• [TASK OBJECTIVE]: Below are lines of records; copy exactly those from the one containing "208 5224 204 STREET - photo 2 of 23" through the one containing "Used 2019 Land", leaving the pictures behind.

Start of EXERCISE DATA

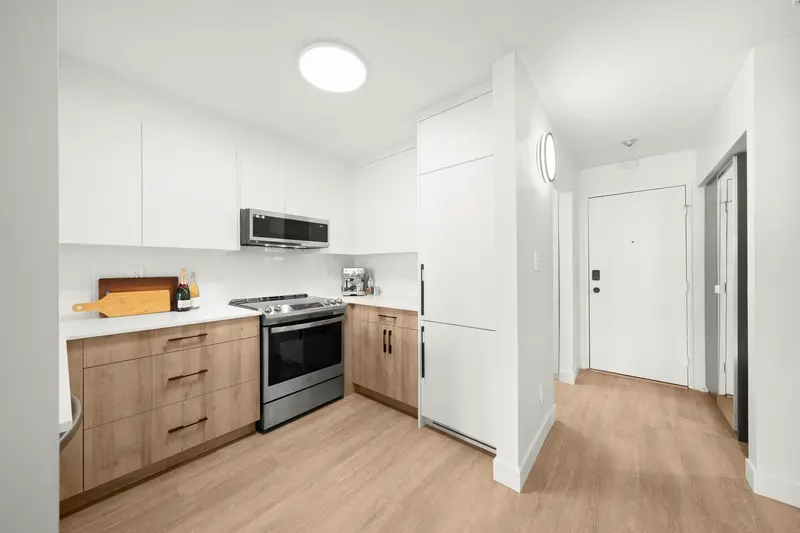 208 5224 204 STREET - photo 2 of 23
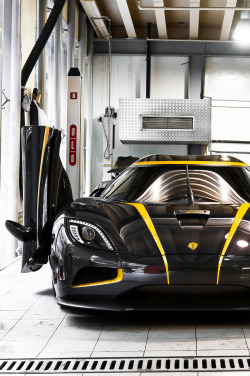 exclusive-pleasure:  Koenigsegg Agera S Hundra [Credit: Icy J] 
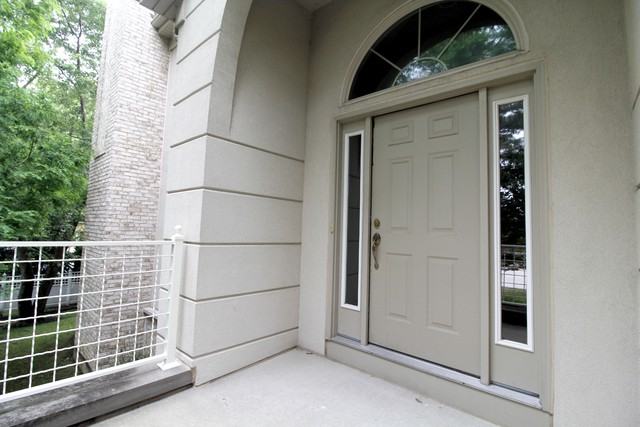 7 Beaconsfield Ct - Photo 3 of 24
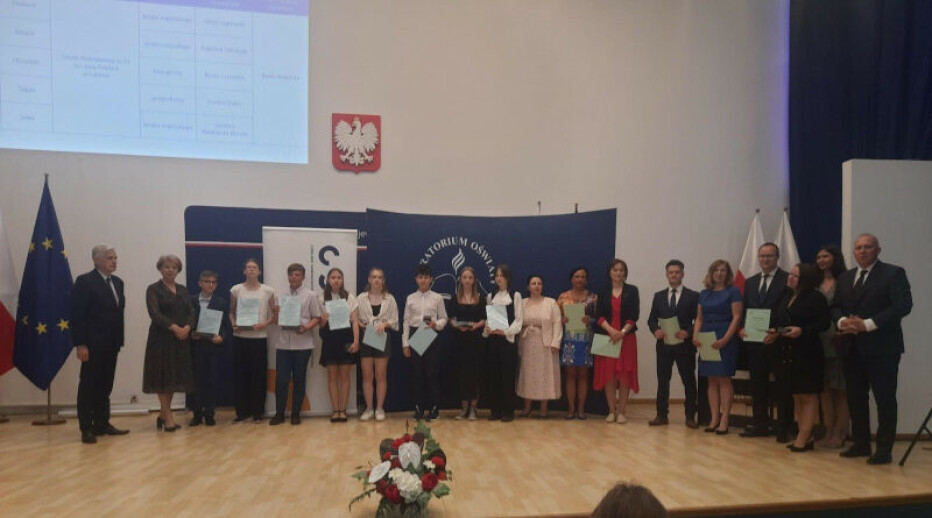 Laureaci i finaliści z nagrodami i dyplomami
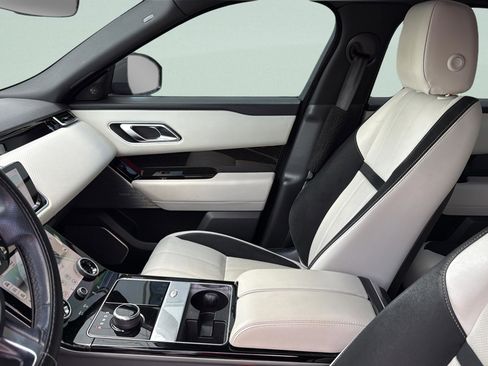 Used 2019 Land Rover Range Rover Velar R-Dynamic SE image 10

End of EXERCISE DATA
Start of EXERCISE DATA

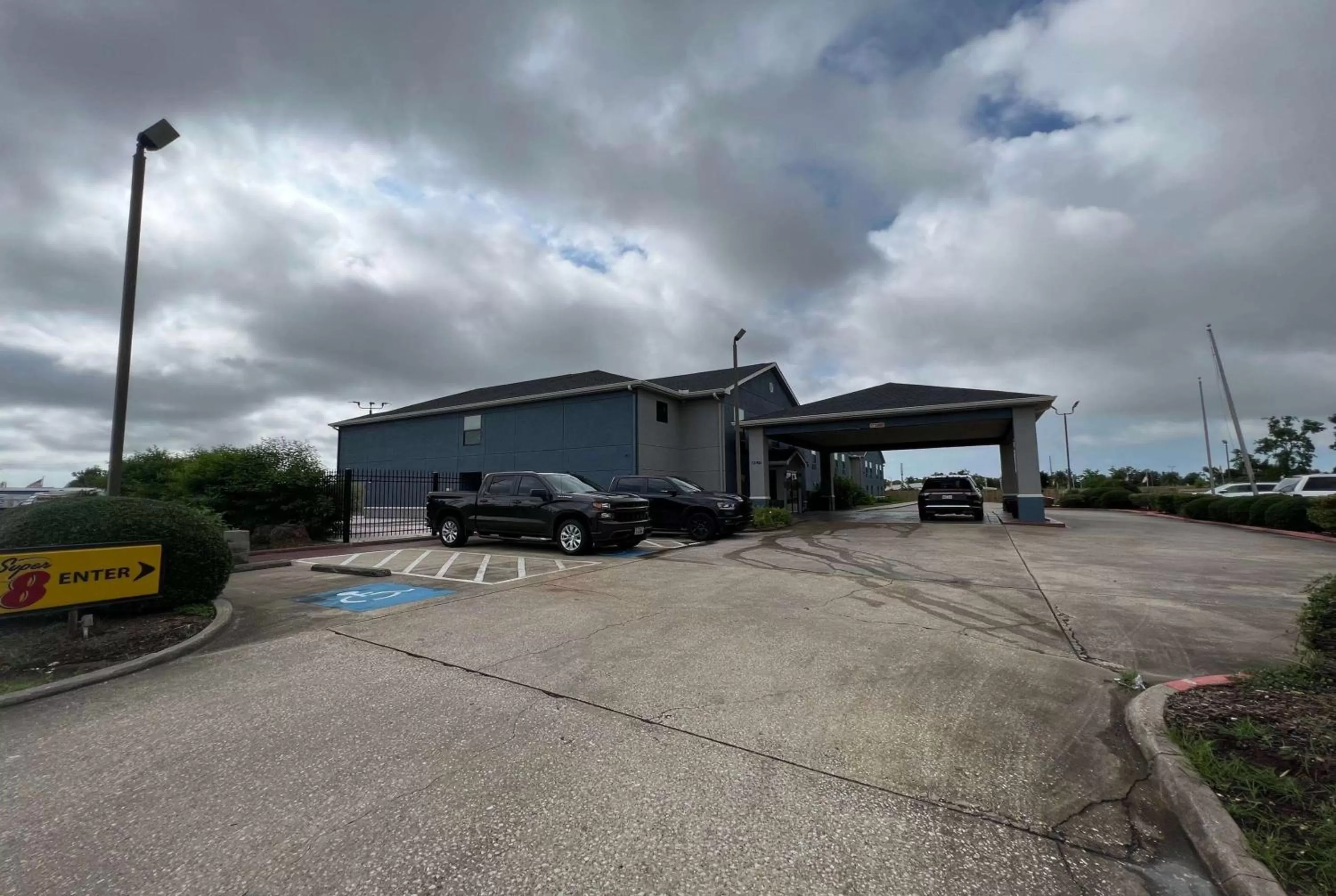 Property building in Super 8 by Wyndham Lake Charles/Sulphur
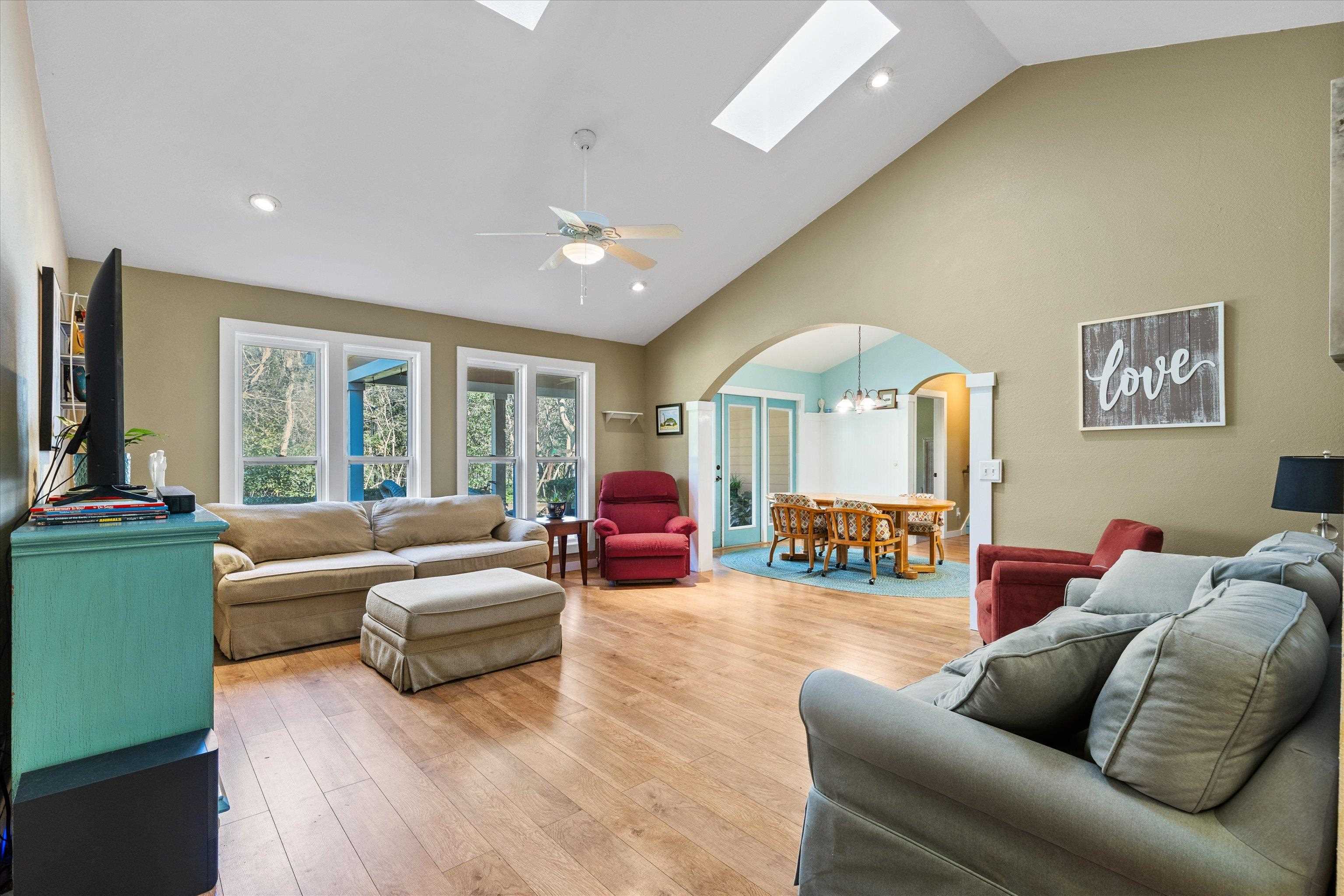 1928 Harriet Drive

End of EXERCISE DATA
Start of EXERCISE DATA

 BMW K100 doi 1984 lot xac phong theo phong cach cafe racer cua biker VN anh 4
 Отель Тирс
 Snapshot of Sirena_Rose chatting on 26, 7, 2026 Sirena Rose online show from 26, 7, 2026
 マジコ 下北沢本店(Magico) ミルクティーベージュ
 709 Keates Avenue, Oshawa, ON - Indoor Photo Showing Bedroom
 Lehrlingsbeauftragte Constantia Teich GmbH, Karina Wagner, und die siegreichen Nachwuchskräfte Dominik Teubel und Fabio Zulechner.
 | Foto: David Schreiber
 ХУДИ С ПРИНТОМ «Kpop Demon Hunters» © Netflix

End of EXERCISE DATA

• [SOLUTION FOR THIS PROBLEM]:
 208 5224 204 STREET - photo 2 of 23
 exclusive-pleasure:  Koenigsegg Agera S Hundra [Credit: Icy J] 
 7 Beaconsfield Ct - Photo 3 of 24
 Laureaci i finaliści z nagrodami i dyplomami
 Used 2019 Land Rover Range Rover Velar R-Dynamic SE image 10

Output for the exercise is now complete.